Posted by on Nov 1, 2016 |


Why add humor to your fiction (or life)? Humor gets people to like you—and your characters. In romance, humorous banter between the hero and heroine shows that they GET each other—for love to last long term, you have to be able to laugh through the tough stuff. (Maybe not at the time, but someday.) In action novels or movies, humor can reduce tension after an especially taut scene. Even in literary mysteries like ORDINARY GRACE by William Kent Krueger, a little humor in the face of the mystery of a dead body endears the reader to the narrator. In TO KILL A MOCKINGBIRD, some of the humor came from eight-year-old Scout interpreting complex things in the world from a child’s perspective. Humor doesn’t work in every book—the book ROOM by Emma Donoghue is tense and pretty depressing throughout. Humor might not always work in horror, although sometimes Stephen King evokes a laugh despite what evil doers lack behind the shadows.

What novels can you think of that include humor that aren’t necessarily intended to be funny?
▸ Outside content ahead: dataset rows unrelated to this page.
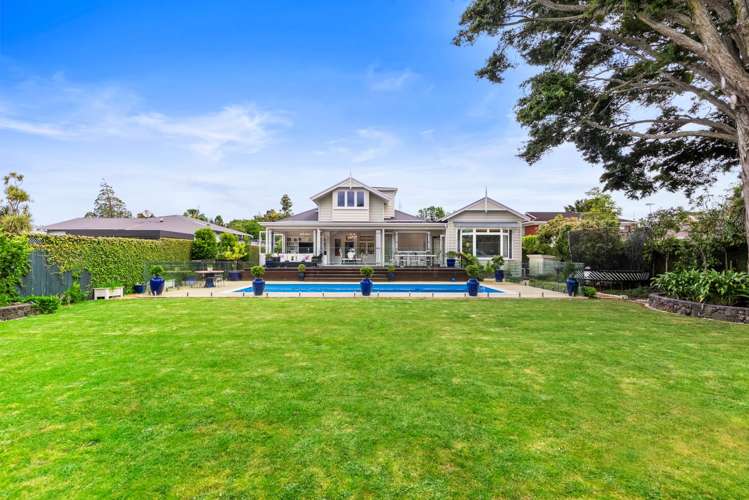 11 Epsom Avenue Epsom_35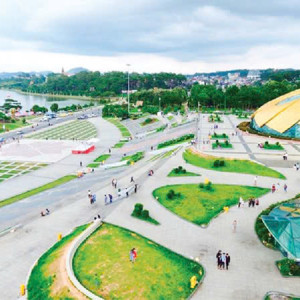 CẦN NGƯỜI LÀM GIÚP VIỆC NHÀ TẠI LÂM ĐỒNG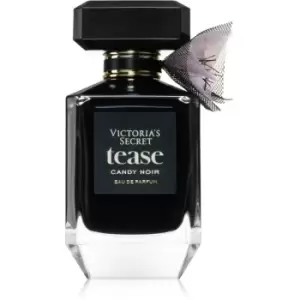 Image of Victoria's Secret Tease Candy Noir Eau de Parfum For Her 100ml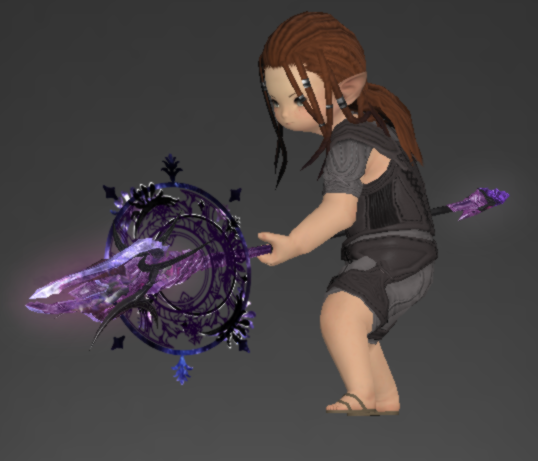 File:Augmented Menis 4.png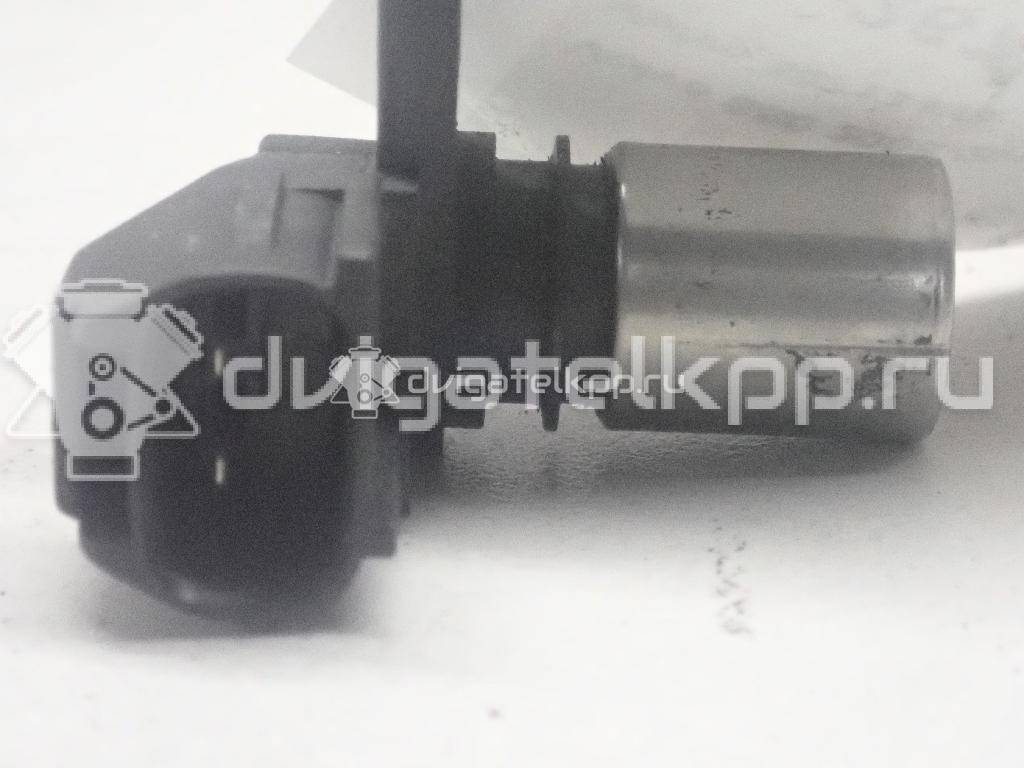 Фото Датчик положения коленвала  30713485 для Ford Focus / S-Max / Kuga / Mondeo {forloop.counter}}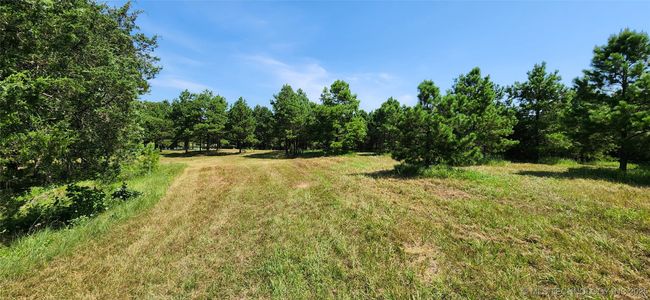5253 S Research Rd, Home with 0 bedrooms, 0 bathrooms and null parking in Lane OK | Image 17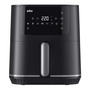 Мультипіч Braun MultiFry 5 HF 5030 IBK Изображение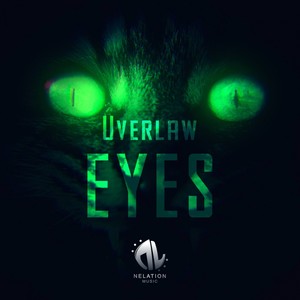 Eyes (Original Mix)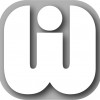 Logo Weltweite Initiative für Soziales Engagement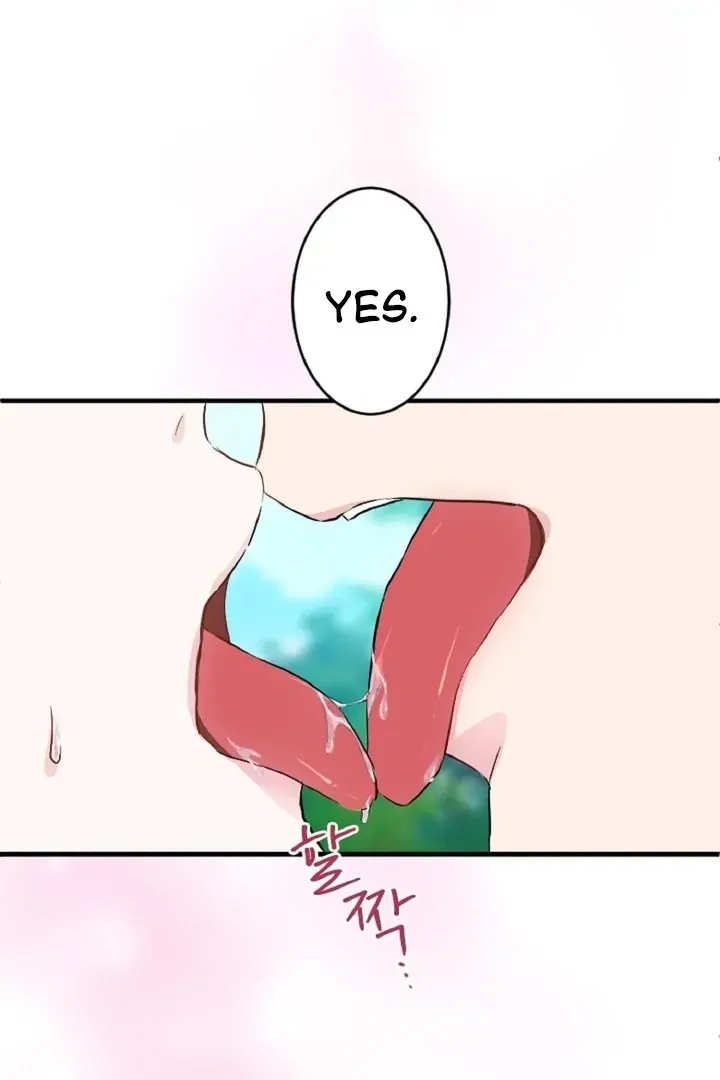 Read Forbidden Child chapter 14 image 6 on Lezhin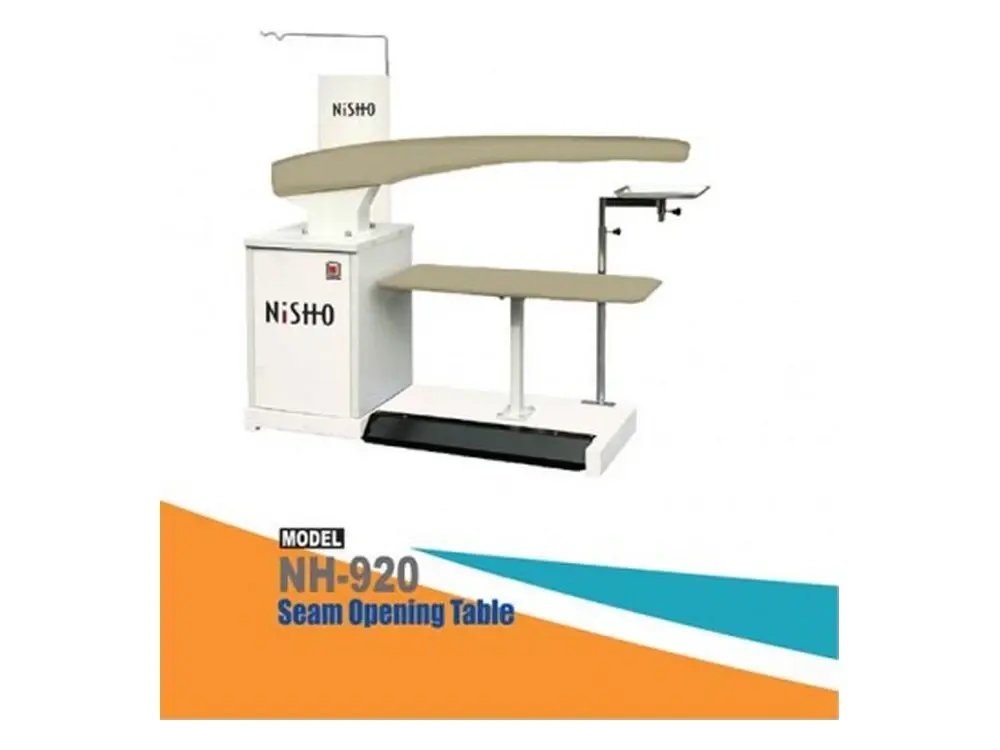 NH-920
What follows are some tips for how you can include humor in your writing.


  1. Pain + Time = Comedy
    1. Humor comes from pain/embarrassment/annoyances
    2. Comedy is anger with its makeup on. EXERCISE: Quickly make a list of things that make you mad/annoyances/frustrations.

Comedy Structure

  1. Topic + Attitude (Weird, Scary, Hard, Stupid) + Premise (Different takes on a topic). à If topic is body piercing write ten things that you think are weird, scary, hard, stupid and so on about body piercings. If you say in one sentence that something is weird, in the next sentence you have to write what is weird about it.
  2. Example: Robin Williams’ take: “Body piercing is weird. I’m from San Francisco where body piercing is popular. They look like they’ve been mugged by a staple gun. Fifteen earrings here, a towel rack there . . .” In this case, Williams says aloud what his attitude is: he thinks piercing is weird. Attitude can also be inferred—the protagonist thinks something is odd or puzzling or irritating.

Why Comedy in any Genre?

How many personal ads say that they are looking for someone with a sense of humor? People like funny!

  1. Adding humor between action scenes to ease tension.
    1. Example: the action scenes in Indiana Jones were broken up by Indiana’s humorous one-liners.
    2. Buddy cop movies where there is witty banter—Lethal Weapon
  2. Shows the way hero and heroine might not agree on everything but feel a connection. Rachel Gibson, Katie McCallister, Jennifer Crusie. Kristan Higgins all use humor to show connection between characters, whether protagonist or friend/family member/potential love interest.
  3. Chick lit and other women’s fiction is well known for having attitude Sometimes snarky humor, but humor is a big part of what makes the voice in these books unique. The goddesses of this genre are Marian Keyes, Jennifer Coburn, and some of JoJo Moyes (some JoJo Moyes, is serious and historical. She writes both.) Marian Keyes writes about serious things like drug addiction and depression—and yet you laugh your butt off (between grabbing for tissues to wipe away the tears).